El Juzgado de lo Contencioso-Administrativo Número 1 de Huelva rechaza la presentación de la auditoría forense como prueba en la causa de la expropiación. La Justicia ya desestimó el documento en el pleito que obliga al Recreativo a pagar medio millón de euros a Pablo Comas.
La auditoría forense del Recre, de bala de plata a cartucho de fogueo

Había depositadas grandes esperanzas en ella, pero al final no ha servido para nada. En los pasillos del Recreativo y en el Ayuntamiento de Huelva confiaban en que la auditoría forense fuese la bala de plata que acabara con el 'monstruo' de Pablo Comas. Pero llegada la hora de la verdad, el citado documento no ha pasado de ser un simple cartucho de fogueo. Y lo peor de todo es que ha tenido un coste de alrededor de 40.000 euros para las depauperadas arcas del club.

En primer lugar, el Consistorio no incorporó la auditoría a la querella presentada por el Recreativo Supporters Trust contra Comas, por la presunta comisión de varios delitos en su gestión al frente de los despachos del Nuevo Colombino. Al día de la fecha, y a expensas del Tribunal Supremo, la causa ha quedado reducida a una condena sin cárcel ni indemnización por falseamiento de cuentas, un tipo delictivo menor. Los querellantes siempre sostuvieron que con la forense, la sentencia habría sido distinta.

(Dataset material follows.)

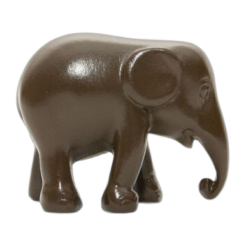 Elephant Parade - Pick&Mix Cinnamon 5cm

Luego fracasó el intento de convertir a la auditora que elaboró la forense, en una testigo de peso contra la reclamación que el empresario madrileño efectuó por el dinero que 'prestó' al Recre durante sus años como dueño y presidente del equipo albiazul. Finalmente, la citada auditora ni siquiera compareció como tal testigo. La consecuencia es de todos conocida. Ahora, salvo giro de los acontecimientos, el Decano deberá pagar a Comas casi medio millón de euros.

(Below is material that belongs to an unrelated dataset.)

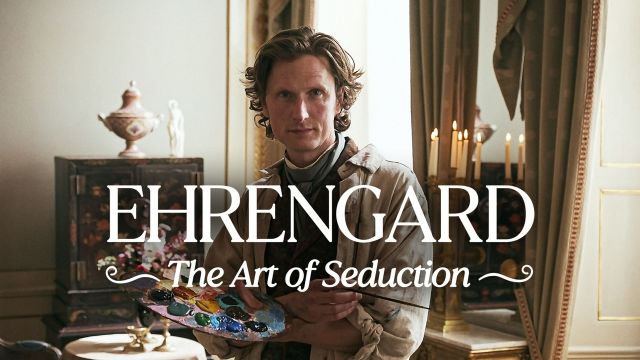 دانلود فیلم اهرنگارد هنر اغواگری 2023 - Ehrengard The Art of Seduction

El pleito de la expropiación

Pero aún quedaba una nueva oportunidad para que la forense demostrara su valía. Además, en el pleito clave de la lucha judicial entre el Consistorio y Pablo Comas: la expropiación. Esta vez, la auditoría no fue presentada en plazo (se hizo el 4 de junio de 2020) por la representación legal del Ayuntamiento, que pretendía demostrar con el informe elaborado por Alcabala Auditores SLP, que Gildoy España SL adeuda al Recreativo 1.368.513,58 euros y que, en consecuencia, la expropiación estaba justificada ante la descapitalización del BIC por parte de su propietario.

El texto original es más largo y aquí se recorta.